The AMD FX 8320 Black Edition in my PC is at completely stock voltages  and BIOS Settings.It has a Corsair H60 as CPU Cooler  and the case is a Corsair 300R.The rest of my PC's  Specifications can be found in my signature.However temperatures as  reported by Core Temp can be seen below while running IntelBurnTest in various Modes-
**img14.imageshack.us/img14/7204/gav6.png  Uploaded with ImageShack.us

**img845.imageshack.us/img845/5484/wiej.png  Uploaded with ImageShack.us

**img191.imageshack.us/img191/4153/a97n.png  Uploaded with ImageShack.us

As told by Topgear I have my Bios settings to load optimised defaults by Pressing F5 and took a screenshot so that every one can get a picture of my temps.
My main concern is that I cannot run Prime95 and if I run my RIG freezes and I have to restart my PC. This happens even while at stock voltages also.
What could be the problem? Has TIM run out or my CPU cooler is not working as it should be? I really don't know. Please help me in this regard guys....

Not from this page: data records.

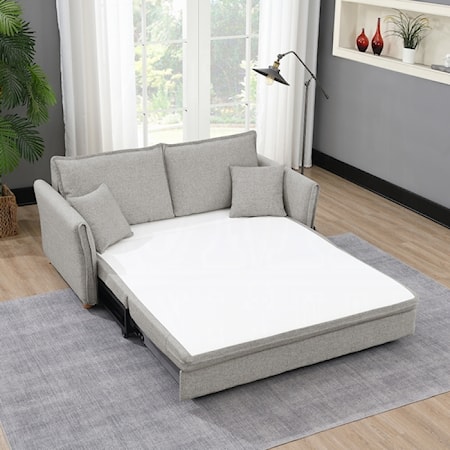 Sleeper Sofa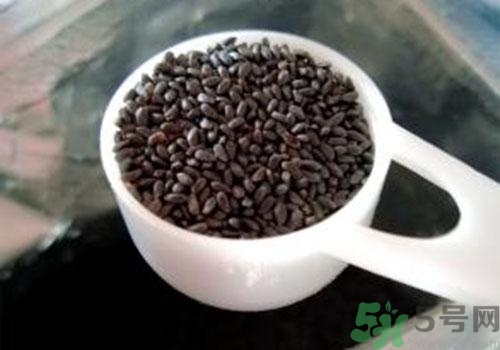 蘭香子的功效作用 蘭香子的營(yíng)養(yǎng)價(jià)值和食用禁忌 蘭香子的功效作用 蘭香子的營(yíng)養(yǎng)價(jià)值和食用禁忌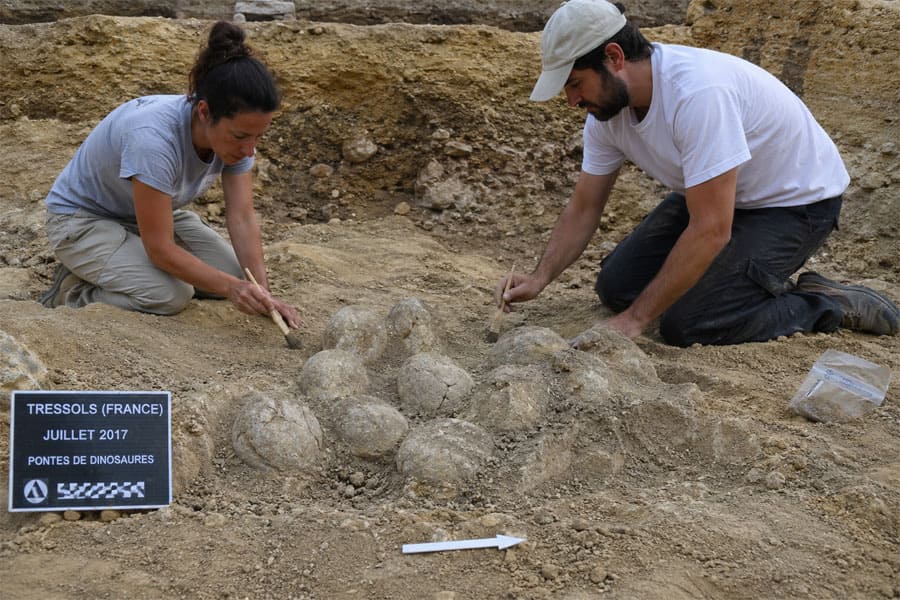 Dinosaur Eggs in France: Stunning Scientific Discovery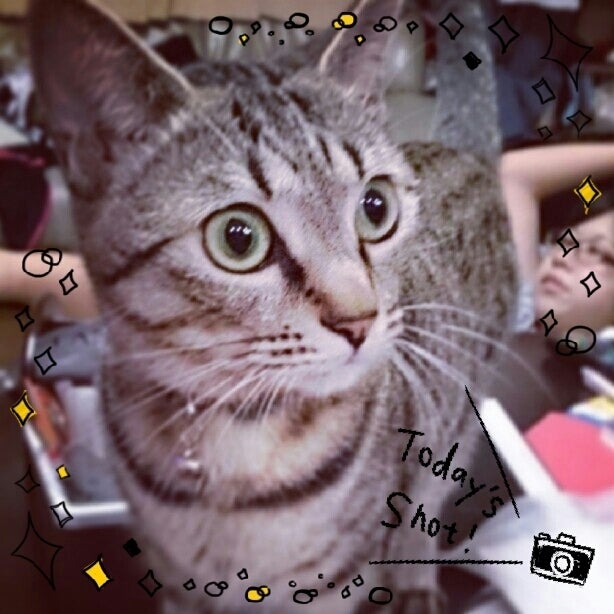おはようの記事画像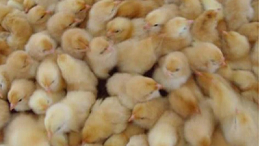 蛋种鸡养殖厂为您介绍蛋鸡饲养的标准是什么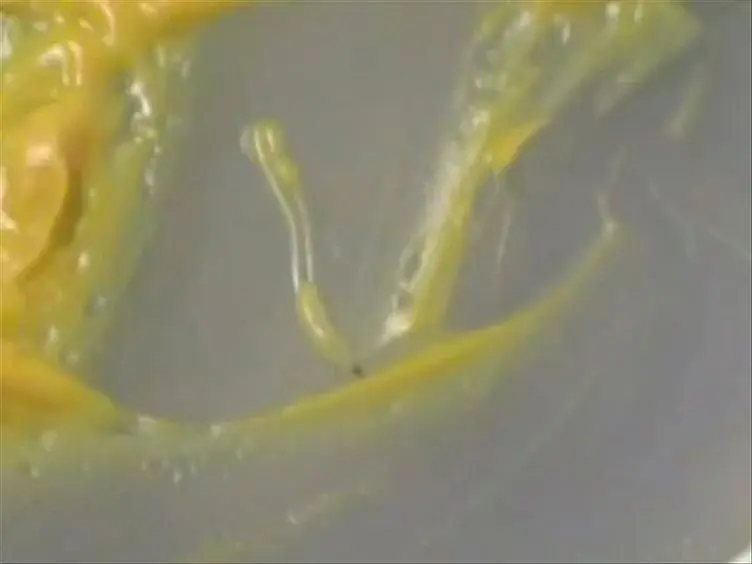 Optogenetic Perturbation of Neural Activity with Laser Illumination in Semi-intact <em>Drosophila</em> Larvae in Motion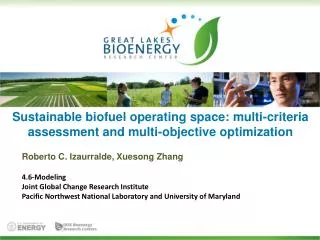 Sustainable biofuel operating space: multi-criteria assessment and multi-objective optimization
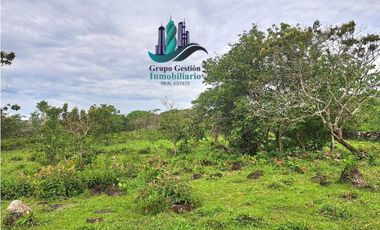 VENDO 18 HECTARES Y MEDIA ROVIRA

**img833.imageshack.us/img833/803/ved4.jpg  Uploaded with ImageShack.us

**img407.imageshack.us/img407/1039/vnze.jpg  Uploaded with ImageShack.us

Thanks & Regards,
Bavusani


----------



## moltenskull (Oct 16, 2013)

Hello bavusani,
Is it possible to attach a second fan to your H60 to make it a push-pull setup?Also,in the last screenshot,it shows that CPU-Q fan control is enabled....if possible,can you switch it to 'Full On'?And is the fan attached to your H60 running in performance mode or quiet mode?

Edit:Make sure your fan is facing the way Corsair instructed in their user manual....and in my thread about the FX 8350 and Cooler Master Hyper TX3 Evo,Cilus told me that 



> The voltage is on the higher side. 4.2 GHz is easily possible with the stock voltage.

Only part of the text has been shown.